Segment Open

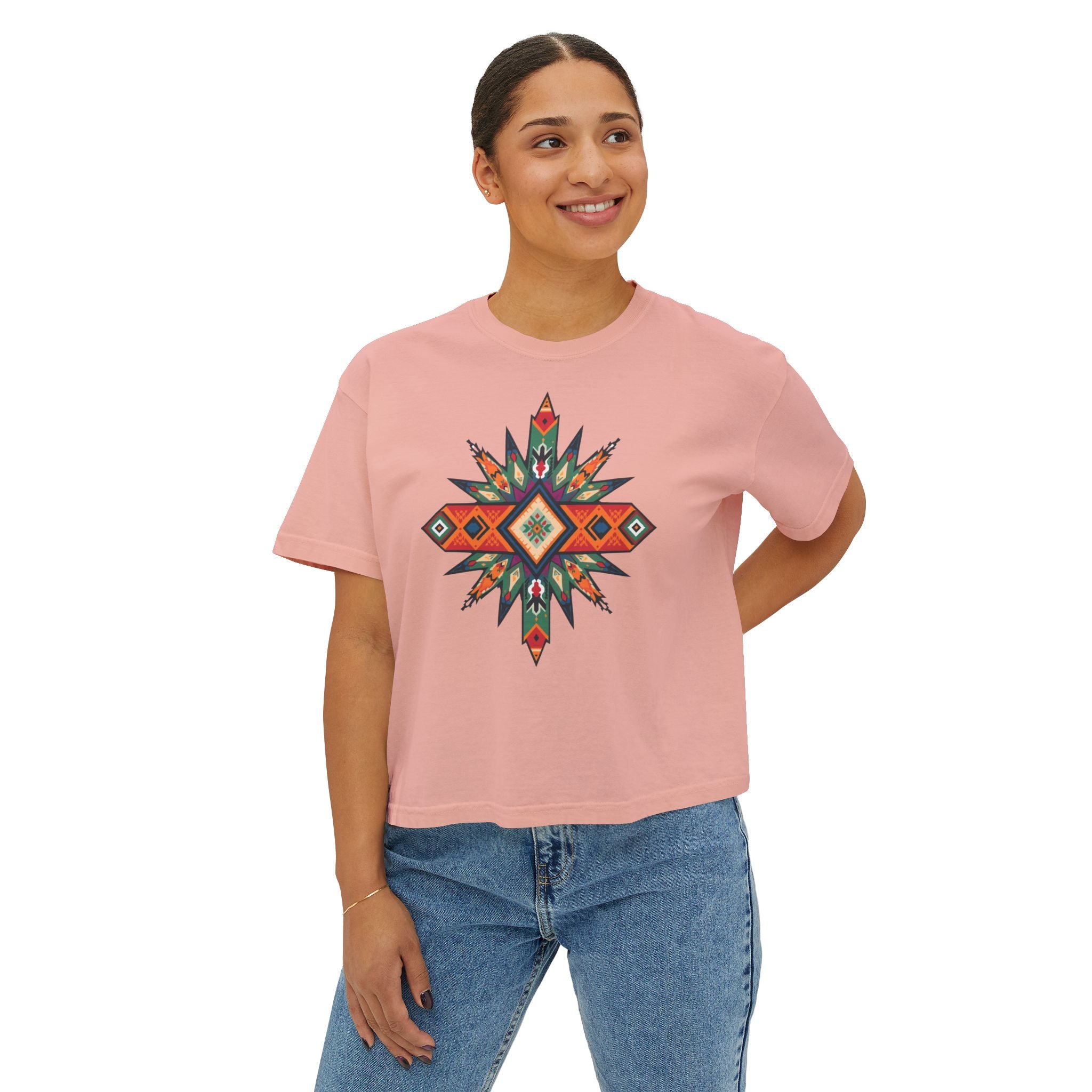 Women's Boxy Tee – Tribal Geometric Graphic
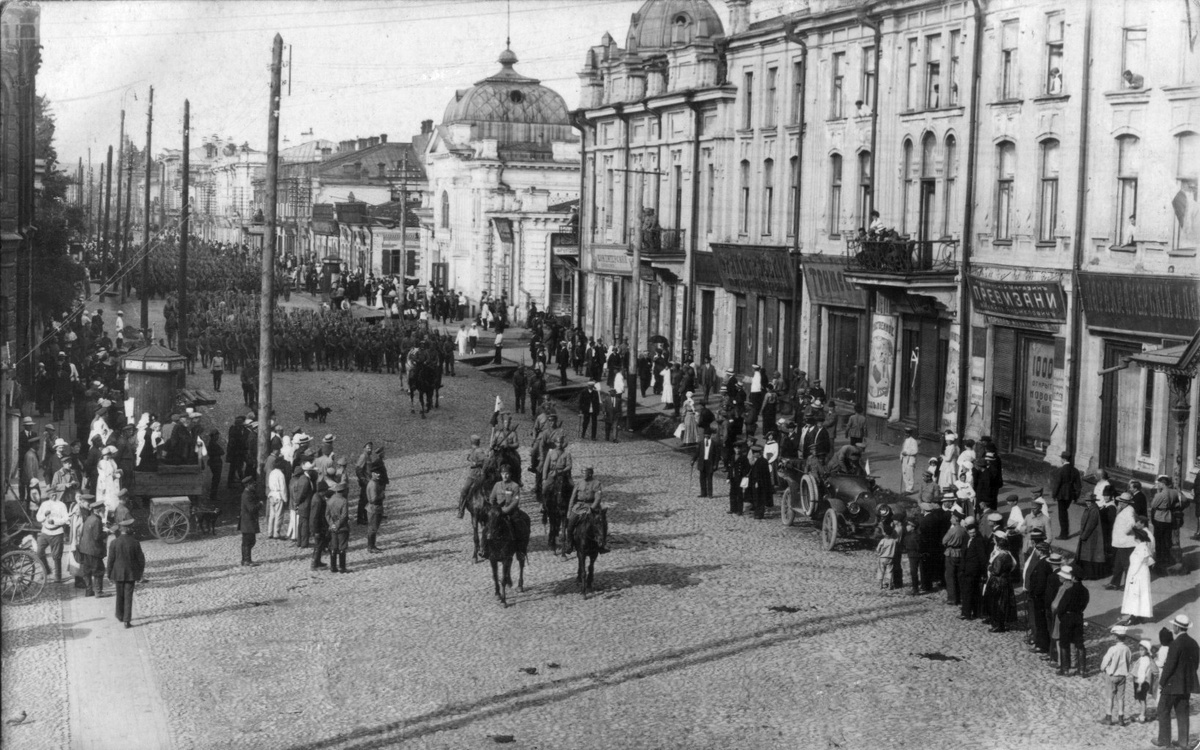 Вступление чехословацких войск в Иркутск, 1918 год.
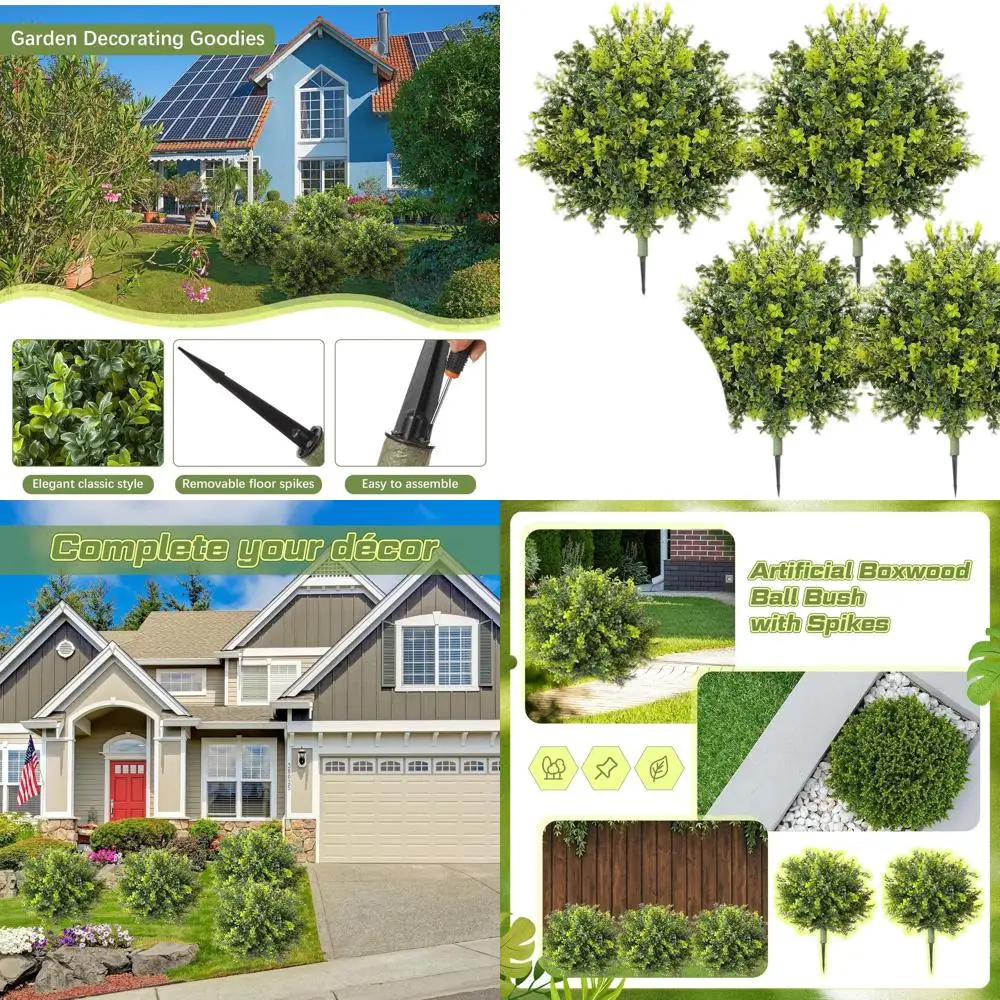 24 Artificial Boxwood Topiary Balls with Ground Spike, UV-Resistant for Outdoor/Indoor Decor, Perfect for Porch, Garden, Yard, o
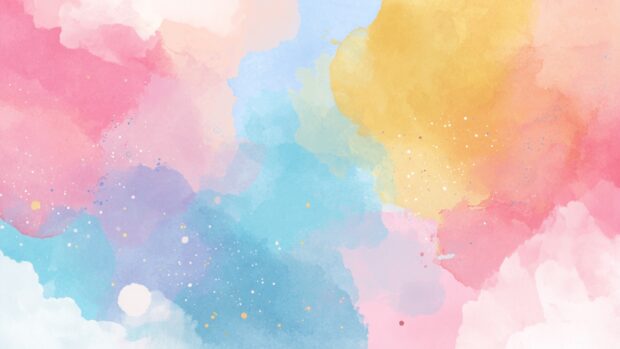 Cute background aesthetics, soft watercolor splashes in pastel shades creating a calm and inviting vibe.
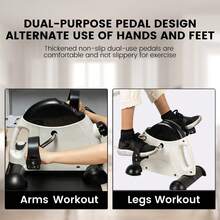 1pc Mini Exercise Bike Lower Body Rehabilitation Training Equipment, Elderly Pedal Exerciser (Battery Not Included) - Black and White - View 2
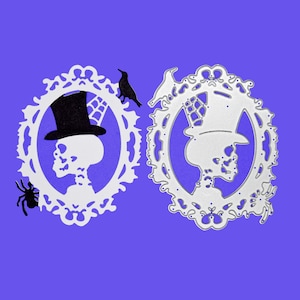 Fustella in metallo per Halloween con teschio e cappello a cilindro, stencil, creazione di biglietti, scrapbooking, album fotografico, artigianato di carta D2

Segment Closed

→ **Work instructions**:
Print exactly the first line of the entries and every line after it through the one that contains "Cute background aesthetics, soft", leaving the pictures out.

→ **Result for this exercise**:
 Women's Boxy Tee – Tribal Geometric Graphic
 Вступление чехословацких войск в Иркутск, 1918 год.
 24 Artificial Boxwood Topiary Balls with Ground Spike, UV-Resistant for Outdoor/Indoor Decor, Perfect for Porch, Garden, Yard, o
 Cute background aesthetics, soft watercolor splashes in pastel shades creating a calm and inviting vibe.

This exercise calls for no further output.